I've been working with a SARIMAX model for forecasting and found myself struggling to accurately interpret its long-term forecasts. To better understand the underlying mechanics and perhaps pinpoint where my confusion originates, I decided to revisit the fundamentals and examine the behavior of a simpler AR(1) model with a constant term.
I generate data according to the following AR(1) process:
data[i] = c + phi * data[i-1] + eps[i]
where c is a constant, phi is the autoregressive coefficient, and eps[i] is a white noise error term. After generating the data, I first regress the generated series on just a constant and then with its lagged value as an explanatory variable. When regressing on just the constant, the estimate I get is very close to c, as expected. However, things get tricky when I add the lagged data as an explanatory variable.
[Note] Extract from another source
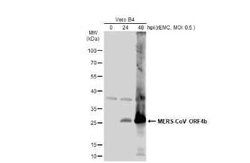 MERS-CoV ORF4b Antibody, Novus Biologicals 100 &mu;g | Buy Online | Novus Biologicals | Fisher Scientific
Despite the mean of the generated data being consistent with the theoretical expectation of $c/(1−phi)$, the constant estimate from regressing $X$ on both a constant and $X_{t-1}$ significantly deviates from the original c used in the data generation process. The coefficient for $X_{t-1}$ seems reasonable, but the constant term is different from c in the DGP.
I'm puzzled by this discrepancy. I initially thought my data generation process (DGP) might be incorrect, but the mean of the data aligns with theoretical expectations, suggesting the DGP is correct.
Questions:
Is my expectation to approximate
cfrom my DGP when including the lagged variable as an explanatory variable incorrect?Are there any common pitfalls or considerations in estimating AR(1) model parameters that I might be overlooking?
Any insights or suggestions on what might be causing these unexpected estimates and how to address them would be greatly appreciated!